The TouchFlo 3D interface lives up to this promise, offering a unique and accessible user interface. So, I really have to give HTC a lot of credit for stepping in to fix what has been a significant failing of Windows Mobile for many users.
Lauren: Right here is the root of 99% of the problems we’re going to talk about with TouchFlo 3D. Huge kudos to HTC, but they should not have had to take such drastic steps. They ended up stuck in the awkward position of overhauling the interface of someone else’s operating system.
Doug: I agree completely. The problem with Touch Flo3D is that it does not integrate well into Windows Mobile. It is not a part of the ROM. Instead, it is nothing more than a highly complex overlay, a Today Screen Plug-in. This means that the standard Windows Mobile interface lurks only one or two levels beneath the interface.

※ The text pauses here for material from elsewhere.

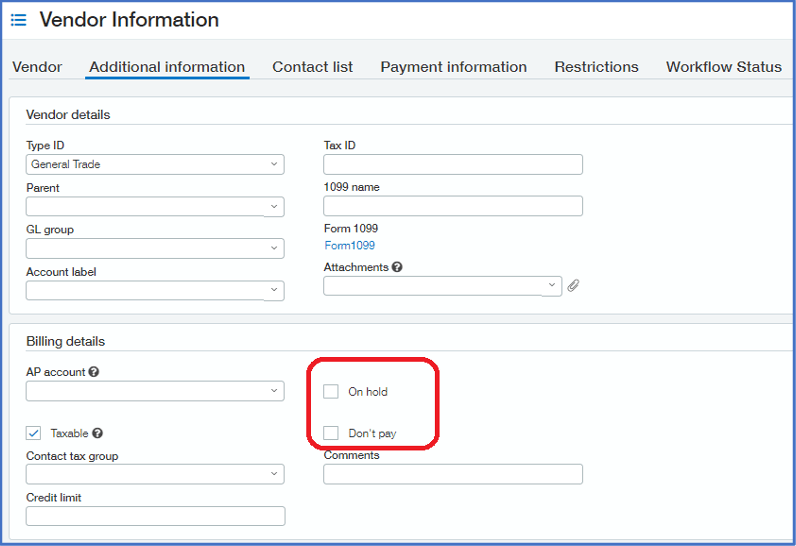 Step-by-step vendor approval workflow in Sage Intacct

Lauren: I’m actually slightly shocked that they managed as much integration as they did. TouchFlo 3D is not part of the ROM, but HTC definitely has tentacles reaching pretty deep. For example, touch scrolling works in all of the Microsoft-controlled areas, such as inside the Settings screens. The Phone app is HTC-designed, as is the Communications Manager that turns the phone, Internet, and other radios on and off. Not all of these modifications are part of TouchFlo 3D, strictly speaking, but they work so smoothly with it that in places you can go a couple of layers deep without running into regular Windows Mobile.

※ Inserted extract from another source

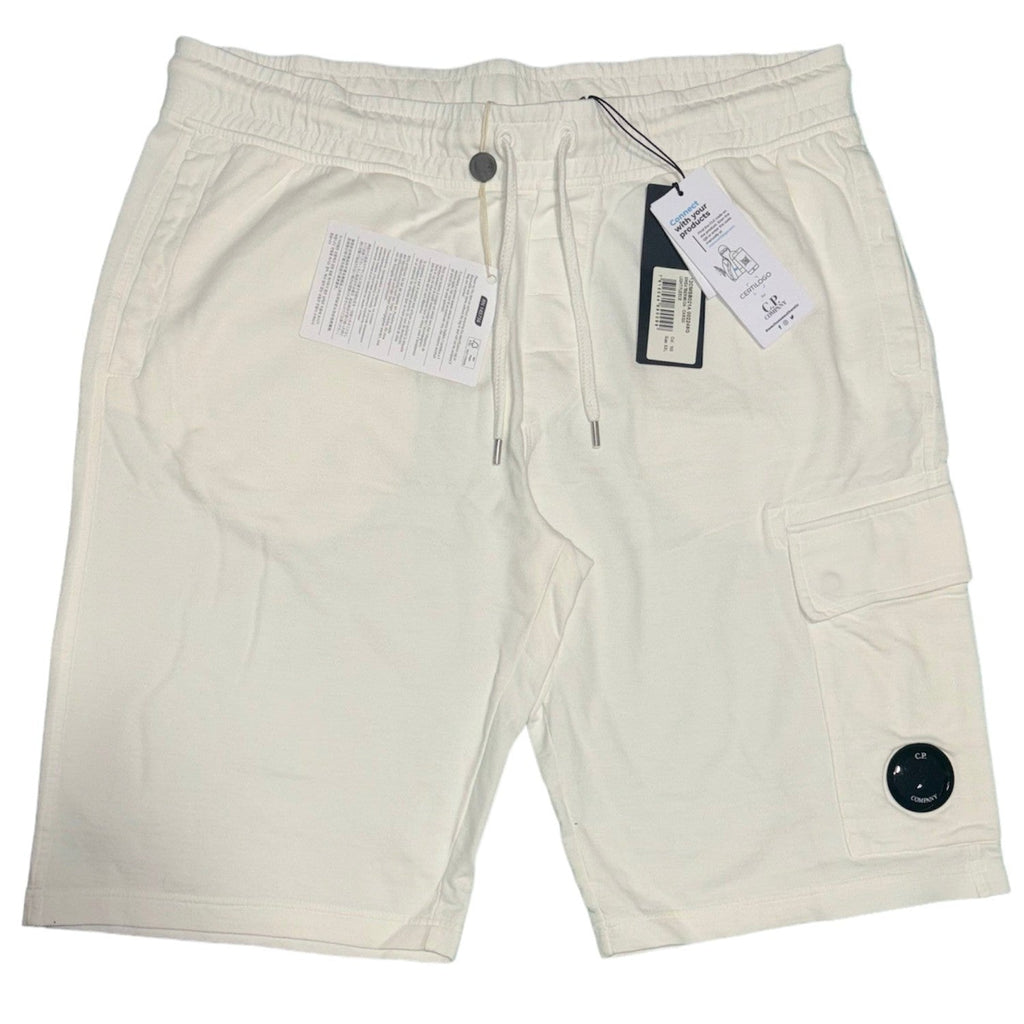 C.P. Company Ivory White Badge Shorts XXL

Doug: And don’t think about trying to replace the default Windows Mobile applications with third party apps. That won’t work. Unlike most Windows Mobile shells, TouchFlo 3D does not offer an API which would allow third party apps to integrate. This means that even if you purchase and install a third party PIM application, like Agenda One, TouchFlo would not be able to see it. Touching an appointment will still take you to the built-in application. The same holds true for email, Internet browsing, weather, and more. In short, I hope you like what comes on the Touch Pro by default, because you are pretty much stuck with it.
Lauren: If you ask me, a lot of what comes on the Touch Pro by default is pretty darn good. HTC definitely messed up by not sharing the API, but I think Doug is slightly overstating the case. The only time you are taken to the built-in application is tapping the big icon in TouchFlo 3D. Yes, this is seriously annoying. However, softkeys take you to the application you have designated as default, whether that’s the built-in one or a 3rd party program like Agenda One. In my opinion, this is only a major problem with the PIM — Microsoft has greatly improved their SMS and email programs, and HTC ditched Mobile IE in favor of the much better Opera Mobile. Still, this issue ought to be fixed on principle.
Doug: OK, so let’s take a look at what this interface actually does. TouchFlo 3D is a tabbed user interface. It includes 11 tabs, which (in theory) offer you access to everything you would ever need from a Windows Mobile phone.
Lauren: Sorry, let me break in for a second here. I view TouchFlo 3D as being designed to give easy access to what most users need most of the time. If you’re looking for everything, you’re going to be disappointed. That’s the price of a streamlined interface. Anyway, you were saying…
Doug: OK. Fair enough. Not everything. But for most of you, it will be pretty darn close to everything you use on a regular basis. And I was pretty impressed by the functionality here. The graphics were fantastic, and I really liked the large icon which appeared as you slid through the tabs to show you what tab you were about to open.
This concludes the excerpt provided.